These are real questions. A Texas company called Infochimps has datasets quite similar to these, ready for you to use. Some of the datasets are free, others you have to pay for. More interesting is that if you have a dataset you think other people might be interested in, or even pay for, InfoChimps will host it for you and help you find customers. (Infochimps just announced they had raised $1.2 million in its first round of institutional funding.)
One of the datasets you can get from Infochimps for free is the set of smileys used on twitter in tweets sent between March 2006 and November 2009. It's free. It tells you that the smiley ":)" was used 13,458,831 times, while ";-}" was only used 1,822 times.
If you're willing to fork over $300, you can get a 160MB file conatining a month-by-month summary of all the hashtags, URLs and smiley's used on twitter during the same period. That dataset wil tell you that during September of 2009, the hashtag #kanyeisagayfish was used 11 times while #takekanyeinstead was used 141 times.

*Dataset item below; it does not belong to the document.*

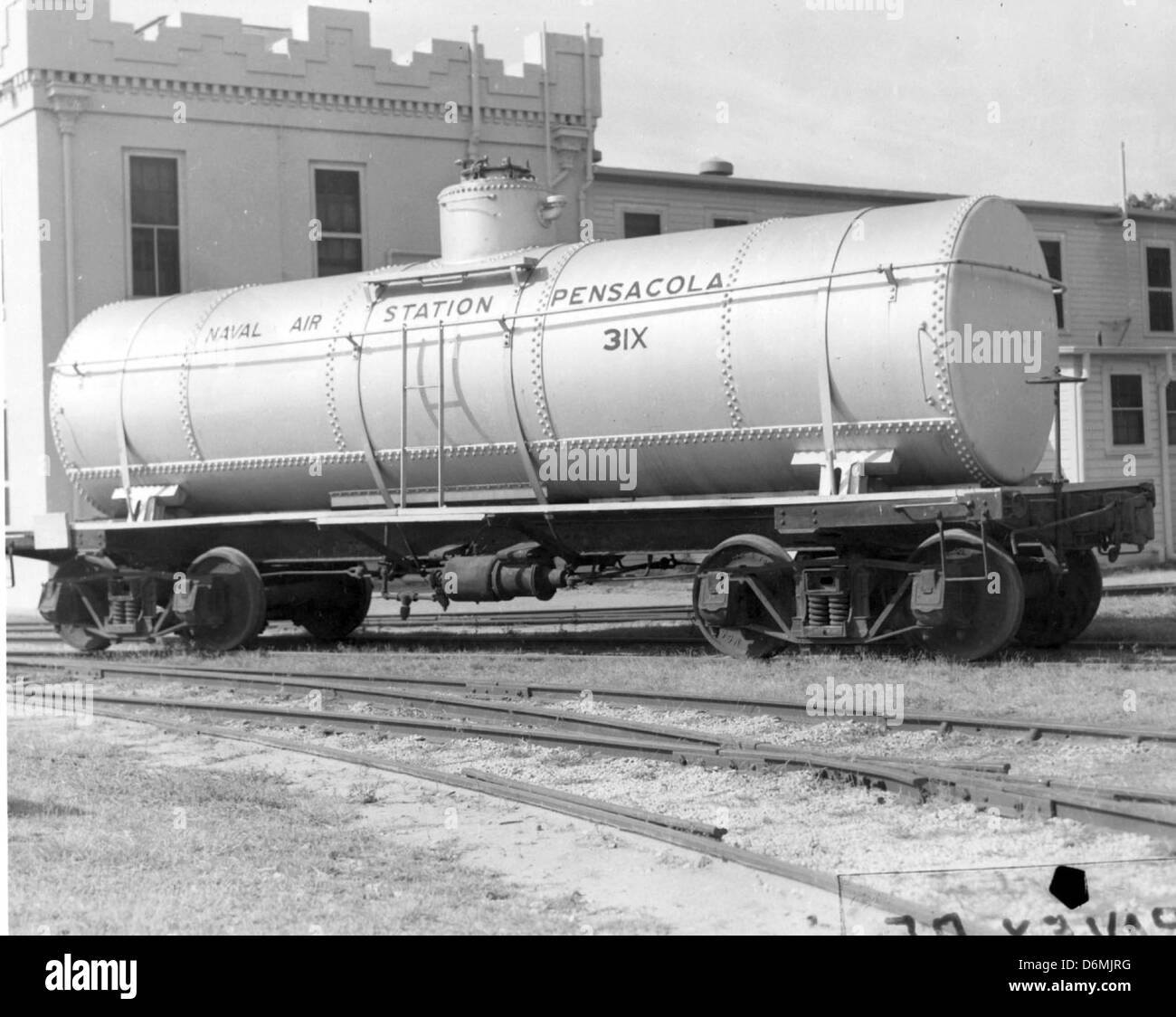 Aircraft fuel tanker Black and White Stock Photos & Images - Alamy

If you're a scrabble player, you can spend $4 for a list of the 113,809 official words, with definitions. Or you can get them free, without the definitions.
|courtesy of Infochimps, Inc. CC-BY-A|
The character connection data was fed to a program called Cytoscape, which is an open source visualization program used in bioinformatics; Mike Bergmann has a nice article about its use for large RDF graphs. The networks are laid out using a force-directed algorithm (which is pretty much the simplest thing you can do). Coloring is applied arbitrarily.

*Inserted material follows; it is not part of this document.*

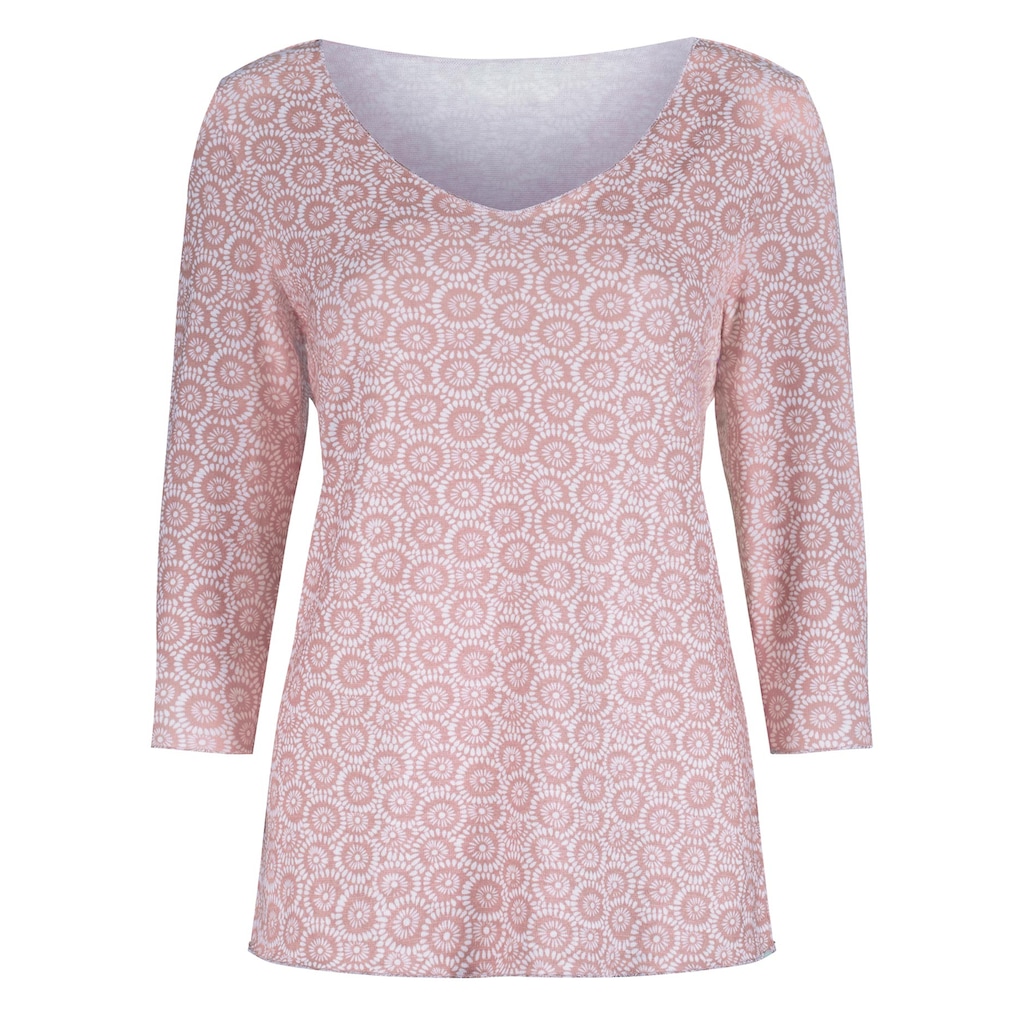 Ambria Print-Shirt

The other anomalous character subnet is labeled "???" in the graph. A closer look reveals this to be the set of characters that look like upside down roman text.
Kromer has noticed that the price (or perhaps cost) of a partial data set follows a non-monotonic curve (see graphic). Small amounts of data are essentially free, but a peak value is reached when portions of the data set are extracted from the full data set. If we were discussing book metadata, for example, peak value might accrue for a set of the 100,000 top selling books.
This pattern seems plausible to me, but I'd like to see some clearer examples. I've previously written about having too much data, but that article looked at the effect of error rates on data collection; Kromer's curve is about utility.
For me, the most interesting thing about Infochimps is the idea that the best way to make data flow in large volumes and create new types of knowledge is to provide the right incentives for data producers through the establishment of a market. This makes a lot of sense to me; however I'm not sure that the Infochimps market has also established incentives needed for data set maintenance; the world's most valuable and expensive data sets are one that change rapidly.
Kromer contrasted the Infochimps approach to that of Wolfram, whose Alpha service is produced by "putting 100 PhDs and data in a lab". He also feels that much of the work being put into the semantic web is a "crock" because its technology stack solves problems that we don't have. Humans are pretty good at extracting meaning from data, given a good visualization.
We can even recognize upside-down text.